帝国内でも確固たる地位や実績を築いて信用を掴んでおかなければならない。監督責任を問うには実績が一番というわけである。これには竜二はどれも心配ない。“雷”の将軍と“準男爵”で地位もあり、戦歴こそ浅いが審査には通る実績がある。
だがそれ以前に竜二には根本的な疑問があった。人気の無さである。
「あのさハルさん。やけに静かすぎない?肝心の囚人っているの?」
「多くの囚人達は戦に駆り出されているでしょう。おそらく今の収容人数は帝国との戦争が始まる前に比べて半分以下かと思います。」
囚人や罪人の人権など無く、一度戦争が起これば囚人は悲惨な末路をたどることになる。どこの国でも囚人は戦争が始まると真っ先に連行され、戦闘奴隷として連行される。もちろん武器など短剣を持たせてくれれば良い方で、その役目は専ら盾役であり、事実上の消耗品として扱われる。
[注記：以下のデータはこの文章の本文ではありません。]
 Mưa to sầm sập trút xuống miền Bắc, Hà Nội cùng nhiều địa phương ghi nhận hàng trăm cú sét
敵の注意を惹きつけたり、矢玉を体に受けて消費させるのが仕事で、連行されれば余程のことがない限り死ぬことになる。
囚人を野に放つ必要がなく、牢獄から大量に服役囚がいなくなるため、役人にとっても看守にとっても経費的にも、そして世間的にも最近はこちらの方が歓迎される傾向があった。
そのせいか最近は従士が欲しくても従士が手に入らない“従士難民”の竜騎士までいる程である。
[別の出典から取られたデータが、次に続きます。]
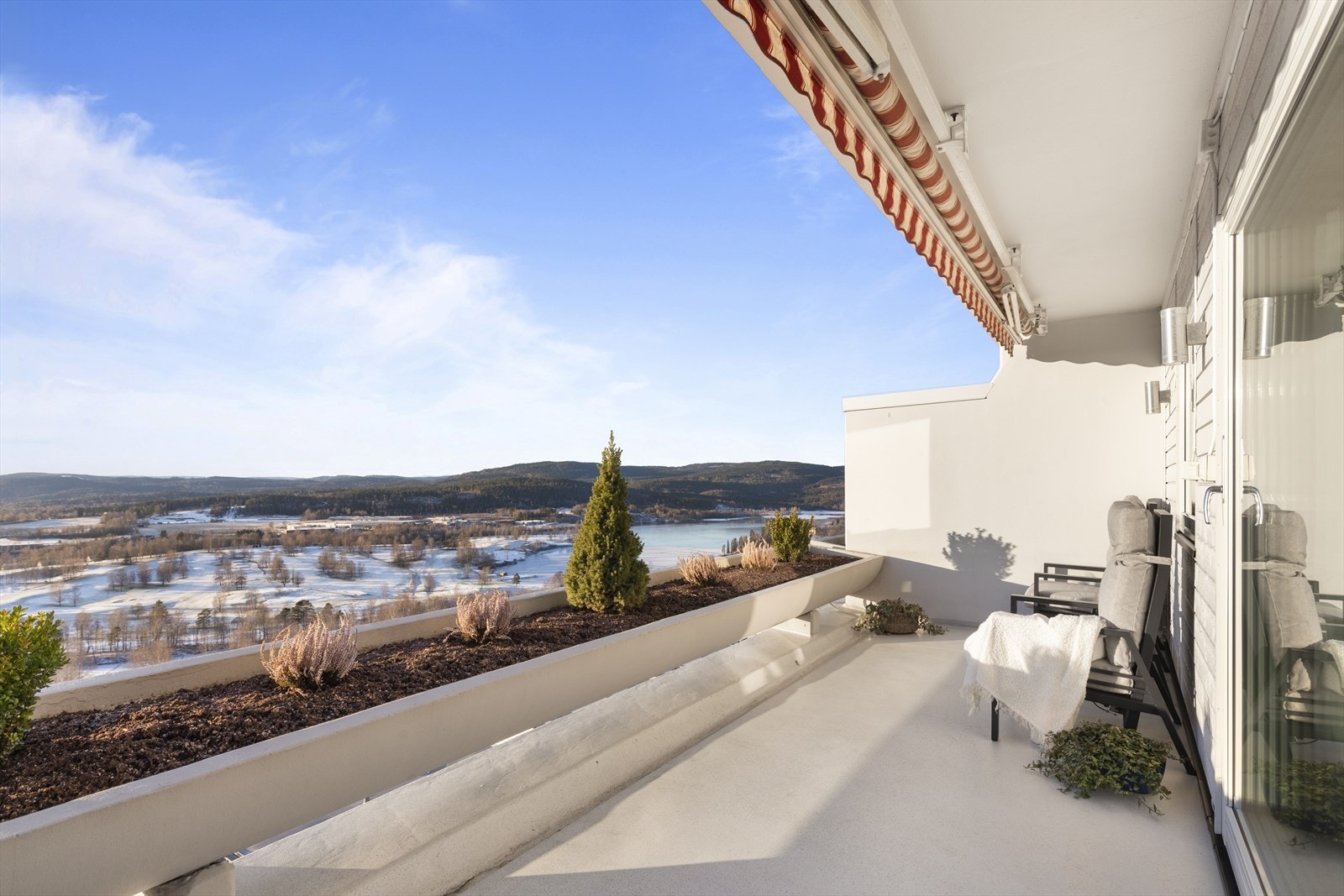 Nydelig terrasse på ca 17 kvm (inkl. blomsterkasse) med adkomst fra stuen med flotte solforhold. Galleribilde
「それじゃあ、契約したくてもできないじゃないか。あ、ひょっとして従士候補は看守とか?」
囚人相手に日夜、取り締まっている看守なら分かる気がする。何より囚人よりずっと信頼できそうだった。囚人を従士に、というのが気乗りしないという理由もある。
「いいえ違います。紹介したいのは正真正銘の囚人です。」
その淡い期待は早くも崩れ去った。だが竜二はあきらめずにもう少し追加の質問をした。
「でも戦争で重罪人は皆連行されたんだろ?さすがに刑期の短い軽犯罪人達に従士になってもらうのも…」
【従士になってもらって自由を奪うのは気の毒だ。】と言おうとして竜二は咄嗟に口をつぐんだ。従士が欲しくてハルドルの後をついてきたのに此処で拒むと矛盾してしまう。だが今までの話を聞く限りでは刑期の短い軽犯罪者が竜騎士によって束縛される人生を歩むとは考えにくかった。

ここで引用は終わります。